Sarah-Eve Pelletier's first year as Canada's sport integrity commissioner showed her that her reach doesn't extend far enough.


Federally funded sports bodies are among the 86 organizations now under the umbrella of the Office of the Sport Integrity Commissioner (OSIC), which was established in June 2022 to administrate the Universal Code of Conduct to Prevent and Address Maltreatment in Sport.


OSIC is designed to be one remedy to the country's safe sport crisis. Athletes have testified before parliamentary committees in recent months about the sexual, emotional and physical abuse they've experienced pursuing their sport at the highest level, and their fears of repercussions if they reported it.

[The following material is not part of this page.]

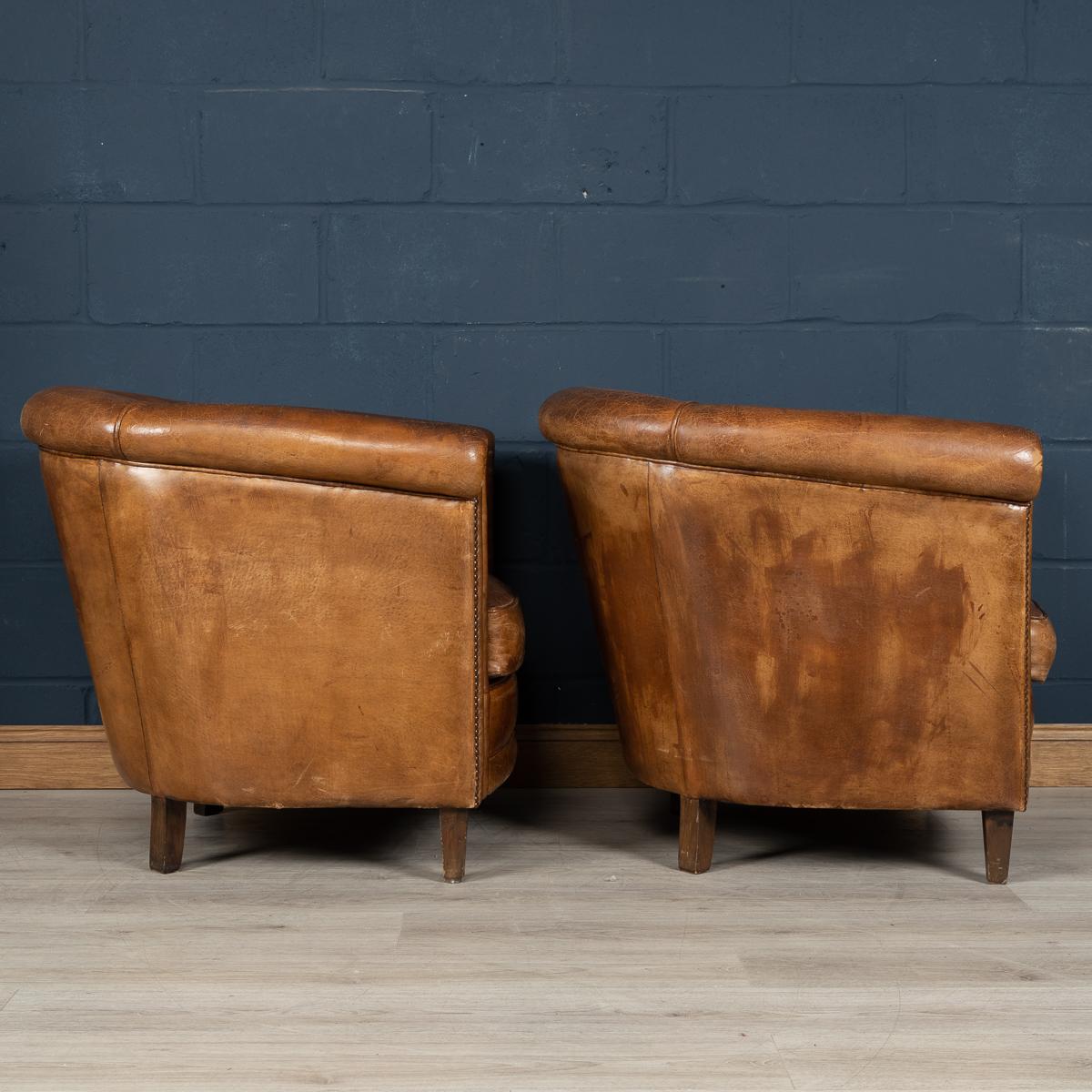 Late 20th Century Pair of Dutch Sheepskin Leather Club Chairs 2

The federal government's 2022 budget provided $16 million to fund Pelletier's office over its first three years of operations.


Once signed with OSIC, the sport and the people in it are bound by UCCMS, which covers grooming, neglect, physical, sexual and psychological abuse, as well as retaliation, failure to report maltreatment, false allegations and misuse of power.


National sport organizations were ordered to sign on to OSIC's Abuse-Free Sport program by April 1, lest they lose federal funding. But provincial and territorial, university, college, high school and club sports were under no such deadline.


Of the 193 reports and complaints OSIC received in its first year, 66 were under its jurisdiction for a 34 per cent intake rate.


OSIC received 97 reports and complaints in the fourth quarter of its first year, which almost doubled the number from the first three quarters.